The probe was designed to measure crystal drive levels but BTW we can measure anything else like mosfet gate drive current or any type of measurement requiring a really small probe in the <100mA range.
The main goal is to measure the drive level using a current probe like the AN-830 explained Figure 1 :
https://www.renesas.com/en/document/apn/830-quartz-crystal-drive-level?srsltid=AfmBOop9F-hQOzeEjaKozB6p6m6hfijKkWmu828jqtUFeVQD4wPCHuMj

Similar way at Murata :
https://www.murata.com/en-global/products/timingdevice/crystalu/overview/basic/drivelevel

I used a B64290P0036X830 core 5 turns of AWG26, a 49.9R and an SMA. Everything else was made in-house.
The mini_probe_skeleton.zip contain only the CAD file in Solidworks format (.sldprt) of the plastic part. Only an SLA or SLS printer can be used for such a small part like that one.

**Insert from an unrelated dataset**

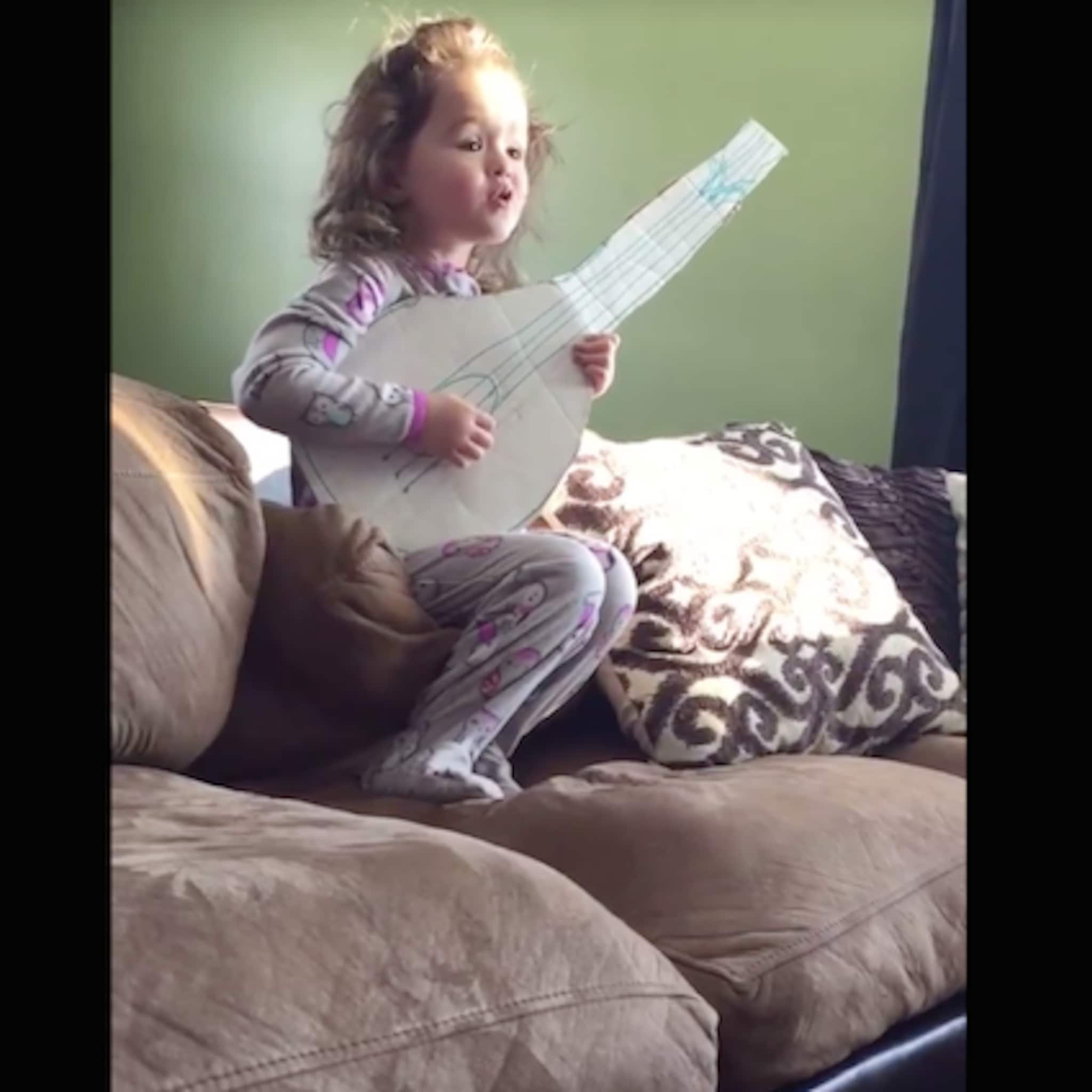 schattig meisje zingt hello op zelfgeknutselde gitaar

The printer used was an Halot Mage Pro with a layer height of 30um just for information.
The plastic part itself measure 5.6mmx10mm with 0.4mm wall.

Assembly of the probe :


Poting with the same resin as the used one for the printer :


Final assembly :


The probe measures with +/-3% accuracy up to 100MHz and has a bandwidth of ~700MHz (-3dB) with a sensitivity of 4mV / mA.
VNA result:


Doing a rapid test on an EVK.
In this example the crystal was a LFXTAL011301 from IQD FREQUENCY PRODUCTS.
As we can see in the Datasheet the max Drive Level is 500uW and the ESR is 40Ω.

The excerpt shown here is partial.